**Task to carry out:**
Your task is to repeat the entries exactly from their first line through the line with "gold wavy line", and to stop there.

== Supplied records ==

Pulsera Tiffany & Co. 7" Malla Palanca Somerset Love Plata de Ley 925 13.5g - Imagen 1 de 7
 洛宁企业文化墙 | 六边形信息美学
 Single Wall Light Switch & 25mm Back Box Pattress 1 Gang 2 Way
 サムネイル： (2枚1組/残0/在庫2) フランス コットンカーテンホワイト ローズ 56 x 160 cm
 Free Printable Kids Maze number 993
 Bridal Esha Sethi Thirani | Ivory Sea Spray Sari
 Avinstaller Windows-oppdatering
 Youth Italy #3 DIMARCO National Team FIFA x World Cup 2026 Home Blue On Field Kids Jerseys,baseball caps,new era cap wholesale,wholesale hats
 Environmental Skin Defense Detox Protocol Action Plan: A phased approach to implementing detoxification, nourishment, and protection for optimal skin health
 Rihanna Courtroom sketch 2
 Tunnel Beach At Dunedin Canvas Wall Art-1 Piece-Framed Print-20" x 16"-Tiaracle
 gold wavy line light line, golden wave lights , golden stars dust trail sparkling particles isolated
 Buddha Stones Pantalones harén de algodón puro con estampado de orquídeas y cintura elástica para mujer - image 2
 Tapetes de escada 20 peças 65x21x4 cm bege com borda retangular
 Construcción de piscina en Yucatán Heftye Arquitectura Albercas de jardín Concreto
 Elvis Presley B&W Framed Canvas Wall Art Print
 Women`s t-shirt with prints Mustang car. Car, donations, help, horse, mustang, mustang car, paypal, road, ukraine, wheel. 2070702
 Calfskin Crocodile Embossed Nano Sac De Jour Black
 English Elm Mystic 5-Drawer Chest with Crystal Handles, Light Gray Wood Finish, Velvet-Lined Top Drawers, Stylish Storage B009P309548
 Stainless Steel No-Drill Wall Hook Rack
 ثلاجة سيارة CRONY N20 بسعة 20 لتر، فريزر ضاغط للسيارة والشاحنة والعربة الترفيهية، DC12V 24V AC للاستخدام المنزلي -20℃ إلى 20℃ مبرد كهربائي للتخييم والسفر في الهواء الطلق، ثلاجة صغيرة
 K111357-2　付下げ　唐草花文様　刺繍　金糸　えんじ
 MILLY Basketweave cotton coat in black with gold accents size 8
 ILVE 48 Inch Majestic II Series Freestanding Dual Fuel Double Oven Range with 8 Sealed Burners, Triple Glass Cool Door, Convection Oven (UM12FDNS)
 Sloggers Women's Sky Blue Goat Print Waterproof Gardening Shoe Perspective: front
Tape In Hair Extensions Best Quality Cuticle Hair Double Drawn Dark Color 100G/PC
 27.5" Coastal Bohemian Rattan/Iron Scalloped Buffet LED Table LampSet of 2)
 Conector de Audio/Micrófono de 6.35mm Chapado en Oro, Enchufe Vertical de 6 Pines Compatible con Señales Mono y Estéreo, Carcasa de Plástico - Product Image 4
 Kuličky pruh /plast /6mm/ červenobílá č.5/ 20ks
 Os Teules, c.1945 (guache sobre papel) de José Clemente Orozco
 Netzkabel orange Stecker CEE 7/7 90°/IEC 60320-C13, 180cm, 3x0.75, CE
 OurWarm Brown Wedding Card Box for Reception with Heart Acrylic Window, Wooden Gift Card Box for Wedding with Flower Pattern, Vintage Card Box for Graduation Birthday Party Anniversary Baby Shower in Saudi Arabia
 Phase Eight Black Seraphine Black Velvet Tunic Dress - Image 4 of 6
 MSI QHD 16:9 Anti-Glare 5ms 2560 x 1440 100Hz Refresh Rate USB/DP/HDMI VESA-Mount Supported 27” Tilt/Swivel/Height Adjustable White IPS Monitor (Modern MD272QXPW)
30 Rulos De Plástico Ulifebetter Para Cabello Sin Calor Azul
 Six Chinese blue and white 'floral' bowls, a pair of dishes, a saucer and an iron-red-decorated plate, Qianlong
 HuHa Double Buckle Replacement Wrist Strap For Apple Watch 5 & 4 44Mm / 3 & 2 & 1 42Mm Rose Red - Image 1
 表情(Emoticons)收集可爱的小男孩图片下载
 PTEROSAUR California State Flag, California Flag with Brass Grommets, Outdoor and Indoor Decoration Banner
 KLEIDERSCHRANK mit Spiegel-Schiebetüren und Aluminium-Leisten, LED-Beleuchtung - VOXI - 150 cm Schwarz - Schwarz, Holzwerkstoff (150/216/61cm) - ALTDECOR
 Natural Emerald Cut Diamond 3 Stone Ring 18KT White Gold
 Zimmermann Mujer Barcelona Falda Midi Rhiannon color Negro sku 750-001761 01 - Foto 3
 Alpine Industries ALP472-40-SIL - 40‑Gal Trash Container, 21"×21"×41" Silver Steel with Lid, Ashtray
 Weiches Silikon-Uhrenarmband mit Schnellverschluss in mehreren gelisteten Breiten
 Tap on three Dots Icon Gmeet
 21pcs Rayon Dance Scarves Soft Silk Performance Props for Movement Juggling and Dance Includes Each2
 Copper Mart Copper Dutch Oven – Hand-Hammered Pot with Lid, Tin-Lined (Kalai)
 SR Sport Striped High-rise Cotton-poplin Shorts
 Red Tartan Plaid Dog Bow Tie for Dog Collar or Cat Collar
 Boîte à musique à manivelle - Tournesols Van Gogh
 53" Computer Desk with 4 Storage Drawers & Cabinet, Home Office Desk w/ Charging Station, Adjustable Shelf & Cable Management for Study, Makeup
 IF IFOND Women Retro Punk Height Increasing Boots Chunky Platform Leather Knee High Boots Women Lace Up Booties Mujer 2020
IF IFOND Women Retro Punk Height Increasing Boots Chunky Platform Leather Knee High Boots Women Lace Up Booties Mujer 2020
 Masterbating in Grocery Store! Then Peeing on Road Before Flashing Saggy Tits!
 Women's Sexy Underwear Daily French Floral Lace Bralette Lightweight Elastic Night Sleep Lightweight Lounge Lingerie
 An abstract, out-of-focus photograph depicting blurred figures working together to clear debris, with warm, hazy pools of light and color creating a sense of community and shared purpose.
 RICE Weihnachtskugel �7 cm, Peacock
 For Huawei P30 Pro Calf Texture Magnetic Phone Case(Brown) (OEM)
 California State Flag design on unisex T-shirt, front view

===

**Worked solution:**
Pulsera Tiffany & Co. 7" Malla Palanca Somerset Love Plata de Ley 925 13.5g - Imagen 1 de 7
 洛宁企业文化墙 | 六边形信息美学
 Single Wall Light Switch & 25mm Back Box Pattress 1 Gang 2 Way
 サムネイル： (2枚1組/残0/在庫2) フランス コットンカーテンホワイト ローズ 56 x 160 cm
 Free Printable Kids Maze number 993
 Bridal Esha Sethi Thirani | Ivory Sea Spray Sari
 Avinstaller Windows-oppdatering
 Youth Italy #3 DIMARCO National Team FIFA x World Cup 2026 Home Blue On Field Kids Jerseys,baseball caps,new era cap wholesale,wholesale hats
 Environmental Skin Defense Detox Protocol Action Plan: A phased approach to implementing detoxification, nourishment, and protection for optimal skin health
 Rihanna Courtroom sketch 2
 Tunnel Beach At Dunedin Canvas Wall Art-1 Piece-Framed Print-20" x 16"-Tiaracle
 gold wavy line light line, golden wave lights , golden stars dust trail sparkling particles isolated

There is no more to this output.